Alas business histories – like fund raising, the other thing that this short Napoleonic figure most excelled at – are not the most favoured pursuit for those in search of status in academia. Indeed it sometimes seems that they appear least to attract recognition and promotion in academic life – a truth that Trebilcock was realistic enough to accept. As he once wryly put it to me – “Well at least there are consolations - writing commissioned business histories is a better paid activity than most of the things we academics do!” I suspect that, in saying this, he may well have hit on one of the reasons why such innocent activities are so ill recognised and so inadequately rewarded with the usual academic gongs.

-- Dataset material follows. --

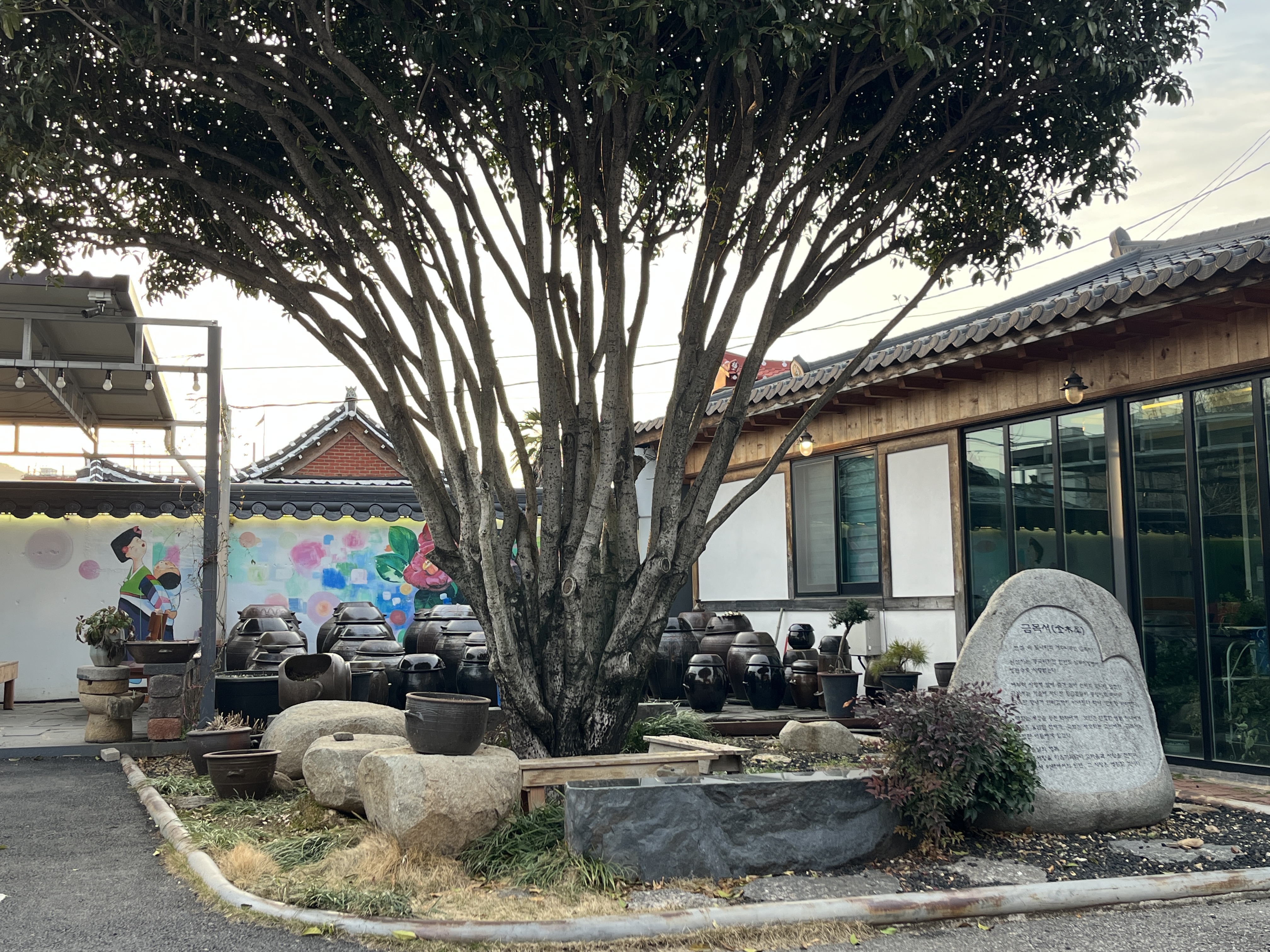 광양불고기 금목서 이미지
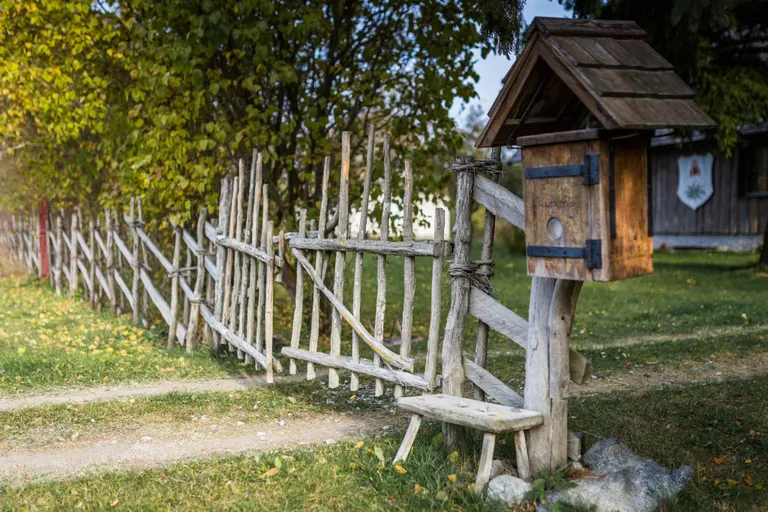 Фото статьи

The gratitude of his many pupils who quickly recognised his rare qualities as a teacher came much more readily. They realised that his insistence that they should attempt to maximise their abilities was matched by his own insistence that he himself maintained the highest standards of professional expertise in his teaching.

His premature death has prevented him from achieving all that he desired and deserved. The two things that he was recently in the running for – a Cambridge Professorship and a Cambridge Mastership – might, of course, have continued to elude him. Not everyone gets what they deserve and his combative nature inevitably made some enemies. It is difficult to give forty years of an active, enterprising and ambitious life to a Cambridge college and to the Cambridge History Faculty without acquiring some battle scars on the way. Trebilcock was never a natural subordinate. He was at his best when he was in charge, as he was in running Pembroke International Programmes.

It has to be admitted that his awareness of his own abilities often made him impatient with the shortcomings he perceived in others. He was not always good at disguising this impatience. He liked things to be done efficiently and he liked things to be done fast – sometimes too fast for the authorities. As with his dashing driving which was (more than once) too dashing for the police authorities, so his schemes for collegiate change were sometimes too challenging and too soon for some of his colleagues.

It has to be admitted, too, that he was not always the most tactful of men. Soon after his first marriage, which lasted for twenty-two years and produced two daughters of whom he was very proud, he was regularly overheard introducing his young bride as “the first Mrs Trebilcock”. This jocular remark proved to be as accurate as it was prescient, and his second wife nursed him with saintly devotion through his final illness.

Both his wives survive him, as do his two daughters.